Hotel in Cebu City, Philippines

The Marco Polo Plaza Cebu, operated as the Cebu Plaza Hotel from 1983 to 2003, is a hotel in Cebu City, Philippines.

It first opened in 1983 by a corporation led by Anos Fonacier with the help of his connections in the then-government of President Ferdinand Marcos Sr..

The hotel experienced labor strikes following the removal of Marcos Sr. as president shortly after the People Power Revolution of 1986. It was seized by the succeeding administration of president Corazon Aquino the following year. The hotel continues to experience labor issues under the management of its new owners Pathfinder.

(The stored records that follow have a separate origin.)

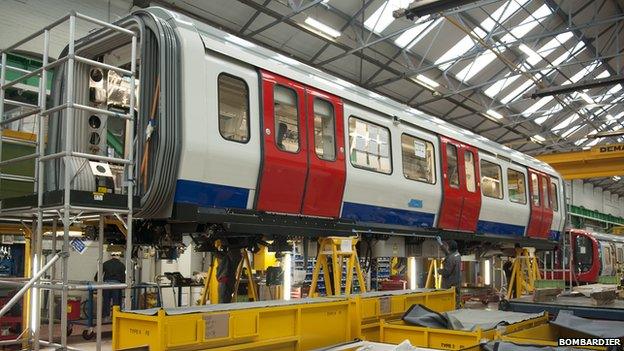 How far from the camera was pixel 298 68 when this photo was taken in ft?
21.8

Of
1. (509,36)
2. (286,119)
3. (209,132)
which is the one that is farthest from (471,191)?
(509,36)

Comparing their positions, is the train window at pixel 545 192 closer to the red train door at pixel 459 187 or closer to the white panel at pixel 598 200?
the red train door at pixel 459 187

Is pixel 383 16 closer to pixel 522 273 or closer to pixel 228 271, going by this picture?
pixel 522 273

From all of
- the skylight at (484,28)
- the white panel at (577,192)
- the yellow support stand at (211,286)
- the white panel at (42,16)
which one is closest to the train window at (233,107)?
the yellow support stand at (211,286)

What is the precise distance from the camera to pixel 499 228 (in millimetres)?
10844

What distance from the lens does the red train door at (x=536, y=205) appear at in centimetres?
1208

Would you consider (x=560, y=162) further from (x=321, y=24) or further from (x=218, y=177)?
(x=218, y=177)

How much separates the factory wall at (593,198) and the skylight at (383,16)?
23.2 metres

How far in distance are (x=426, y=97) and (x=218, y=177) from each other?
16.1 meters

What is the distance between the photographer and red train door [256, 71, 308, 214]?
592 centimetres

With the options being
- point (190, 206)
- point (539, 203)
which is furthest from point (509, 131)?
point (190, 206)

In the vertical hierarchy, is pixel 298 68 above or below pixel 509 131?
below

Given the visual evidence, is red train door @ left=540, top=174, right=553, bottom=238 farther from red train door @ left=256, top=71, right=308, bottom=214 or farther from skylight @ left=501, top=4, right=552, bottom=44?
red train door @ left=256, top=71, right=308, bottom=214

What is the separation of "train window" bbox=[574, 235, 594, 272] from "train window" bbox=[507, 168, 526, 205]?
9450 millimetres
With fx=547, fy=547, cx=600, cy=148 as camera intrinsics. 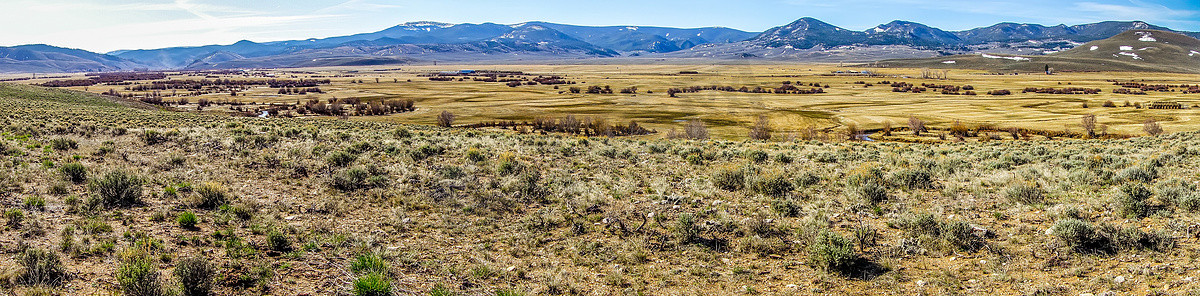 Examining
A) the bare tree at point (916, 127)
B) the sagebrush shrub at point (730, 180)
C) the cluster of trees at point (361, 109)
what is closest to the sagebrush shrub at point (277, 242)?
the sagebrush shrub at point (730, 180)

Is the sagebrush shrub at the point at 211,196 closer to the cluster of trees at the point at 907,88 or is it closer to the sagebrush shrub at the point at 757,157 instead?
the sagebrush shrub at the point at 757,157

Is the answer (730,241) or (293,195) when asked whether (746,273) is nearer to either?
(730,241)

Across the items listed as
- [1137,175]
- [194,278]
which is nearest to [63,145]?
[194,278]

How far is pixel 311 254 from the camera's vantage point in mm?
8914

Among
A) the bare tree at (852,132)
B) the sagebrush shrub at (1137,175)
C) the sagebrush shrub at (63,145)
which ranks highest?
the sagebrush shrub at (63,145)

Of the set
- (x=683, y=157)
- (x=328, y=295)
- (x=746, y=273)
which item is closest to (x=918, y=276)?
(x=746, y=273)

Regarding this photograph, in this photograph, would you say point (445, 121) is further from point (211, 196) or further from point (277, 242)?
point (277, 242)

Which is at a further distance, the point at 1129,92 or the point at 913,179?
the point at 1129,92

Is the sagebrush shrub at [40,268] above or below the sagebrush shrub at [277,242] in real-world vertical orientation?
above

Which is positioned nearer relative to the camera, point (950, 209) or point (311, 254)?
point (311, 254)

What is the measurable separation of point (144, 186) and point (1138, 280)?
60.1 feet

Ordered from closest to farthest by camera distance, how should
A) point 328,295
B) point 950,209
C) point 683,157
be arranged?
point 328,295, point 950,209, point 683,157

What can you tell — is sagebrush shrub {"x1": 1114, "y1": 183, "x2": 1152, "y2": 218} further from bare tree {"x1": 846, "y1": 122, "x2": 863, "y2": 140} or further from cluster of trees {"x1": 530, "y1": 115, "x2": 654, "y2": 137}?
cluster of trees {"x1": 530, "y1": 115, "x2": 654, "y2": 137}

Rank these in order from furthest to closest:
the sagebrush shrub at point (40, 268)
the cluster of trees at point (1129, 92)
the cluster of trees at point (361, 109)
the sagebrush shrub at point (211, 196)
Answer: the cluster of trees at point (1129, 92), the cluster of trees at point (361, 109), the sagebrush shrub at point (211, 196), the sagebrush shrub at point (40, 268) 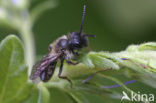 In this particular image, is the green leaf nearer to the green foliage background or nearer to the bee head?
the green foliage background

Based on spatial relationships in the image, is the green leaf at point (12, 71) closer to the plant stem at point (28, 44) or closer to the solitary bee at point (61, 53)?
the solitary bee at point (61, 53)

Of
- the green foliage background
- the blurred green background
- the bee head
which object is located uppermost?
the blurred green background

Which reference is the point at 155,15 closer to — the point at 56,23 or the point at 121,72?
the point at 56,23

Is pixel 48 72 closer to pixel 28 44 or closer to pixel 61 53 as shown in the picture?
pixel 61 53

The hotel then closed in 2003 after its foreclosure to Metrobank. Metrobank then partnered with Marco Polo Hotels to redevelop the property into the Metro Polo Plaza Cebu and was reopened in 2006.

==History==
===As Cebu Plaza Hotel===
====Early years under Anos Fonacier====
The Marco Polo Plaza Cebu was initially known as the Cebu Plaza Hotel. The construction of the building began in 1982 and was funded by the Development Bank of the Philippines (DBP) and was initiated by the group of businessman Anos Fonacier. His connections with Tourism minister Jose Aspiras enabled Fonacier to secure loans from state financial institutions.

The hotel was opened sometime in late 1983 after the Assassination of Ninoy Aquino which preluded a recession in the economy. It was managed under the Cebu Plaza Hotel Management Corporation.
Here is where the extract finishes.